### YOUR INSTRUCTIONS
Please write out exactly the lines of the data below from the line holding "Used 2024 GMC" through the line holding "Uzbek Silver Ring, Round", and leave out the rest.

### LISTED ENTRIES
□ □ □ □

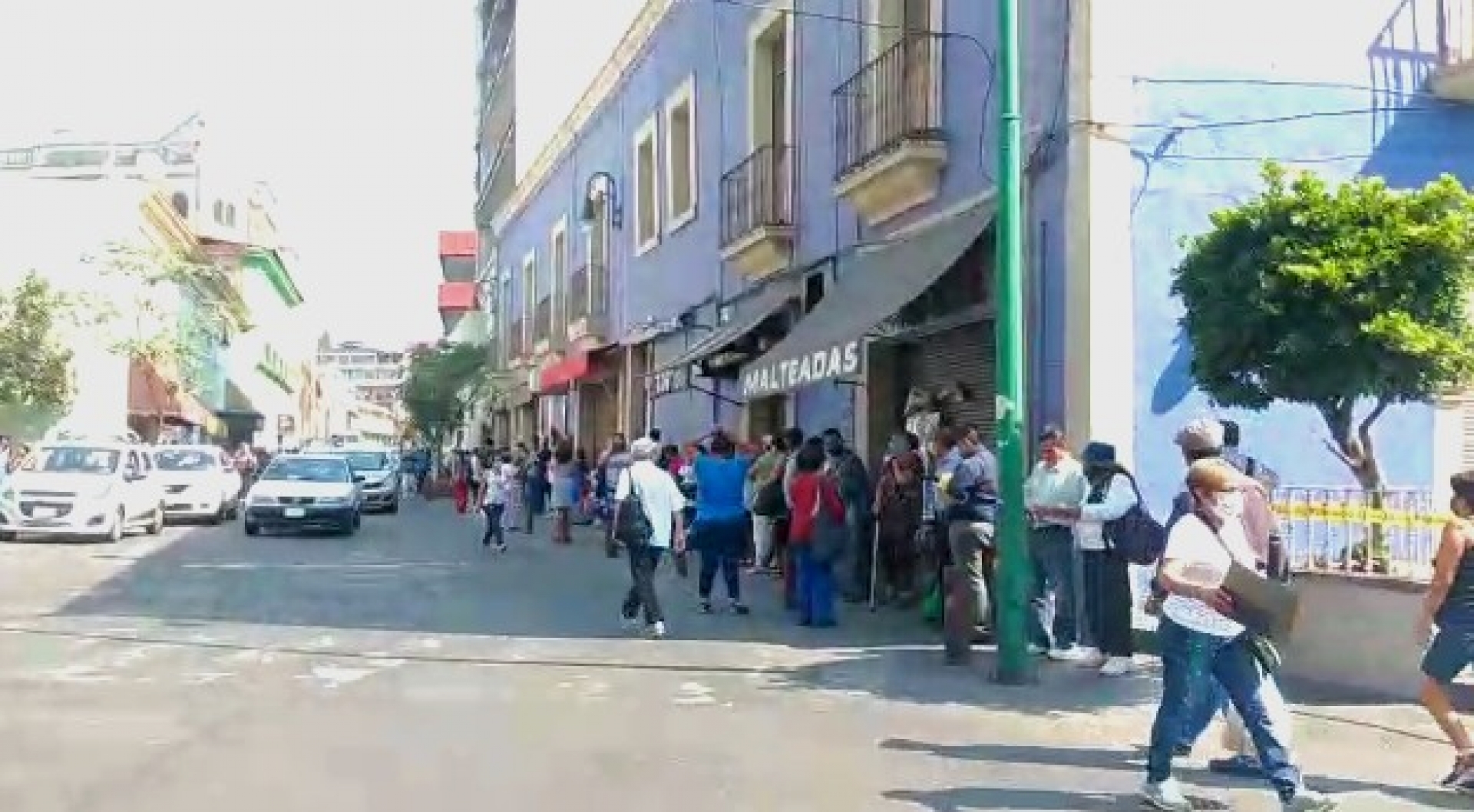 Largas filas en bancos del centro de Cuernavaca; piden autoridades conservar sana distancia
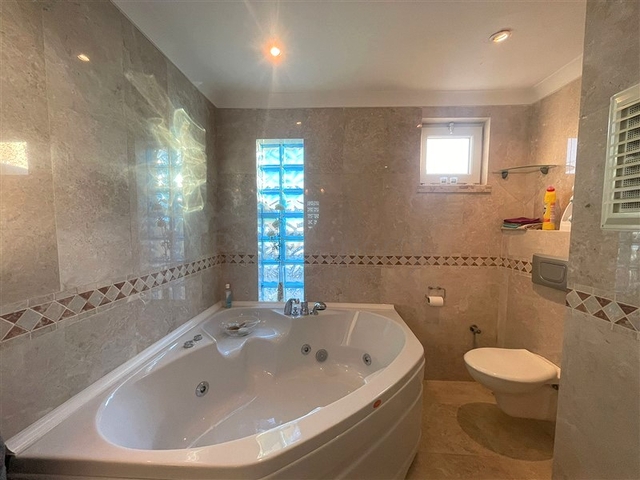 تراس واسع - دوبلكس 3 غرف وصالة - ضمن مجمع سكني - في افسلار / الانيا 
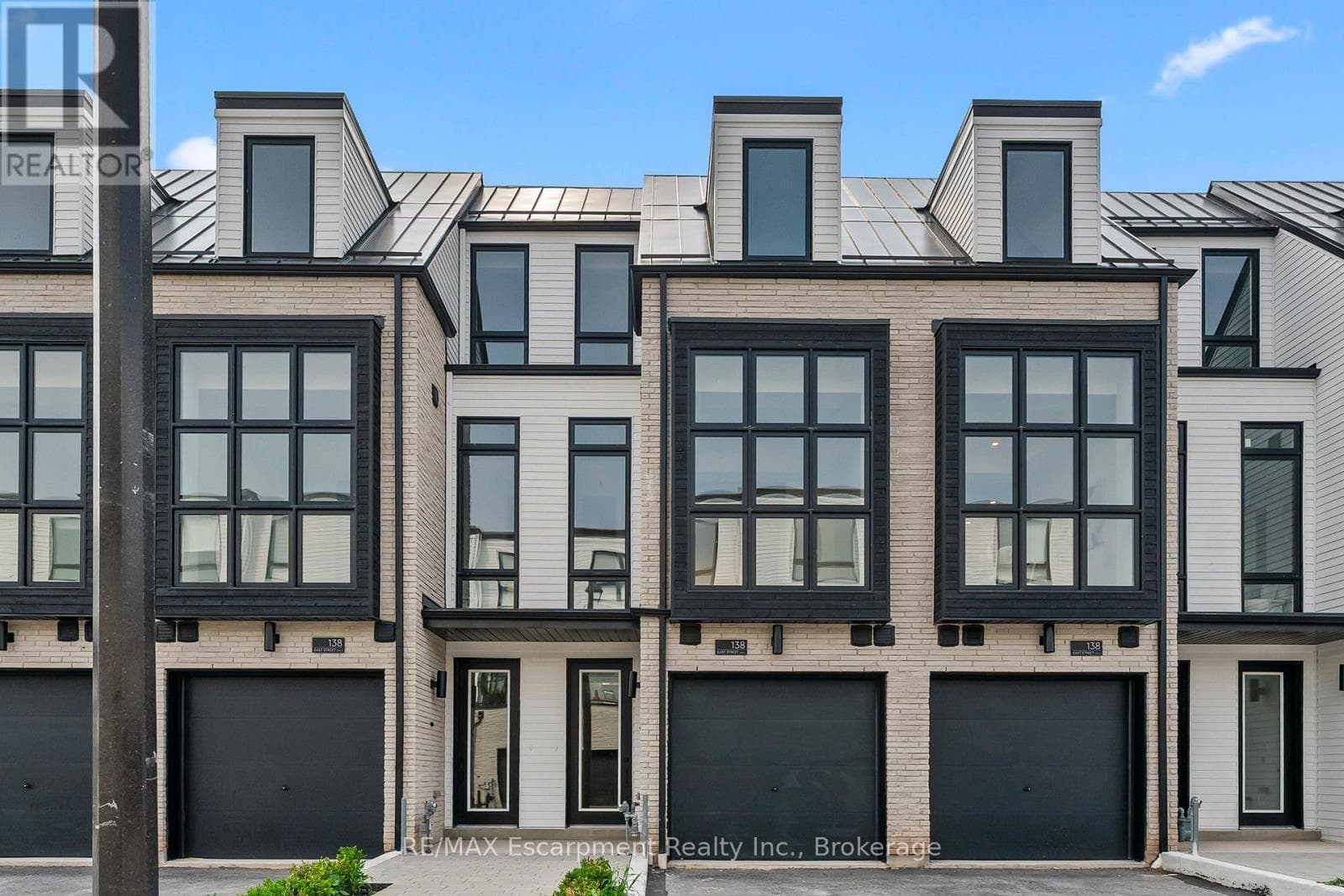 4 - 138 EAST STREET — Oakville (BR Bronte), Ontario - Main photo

□ □ □ □

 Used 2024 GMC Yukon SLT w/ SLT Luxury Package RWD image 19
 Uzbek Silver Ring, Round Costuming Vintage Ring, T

□ □ □ □

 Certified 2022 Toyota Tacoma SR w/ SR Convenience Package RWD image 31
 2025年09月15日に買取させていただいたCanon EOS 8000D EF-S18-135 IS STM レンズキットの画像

□ □ □ □

### RESPONSE TO THIS TASK
 Used 2024 GMC Yukon SLT w/ SLT Luxury Package RWD image 19
 Uzbek Silver Ring, Round Costuming Vintage Ring, T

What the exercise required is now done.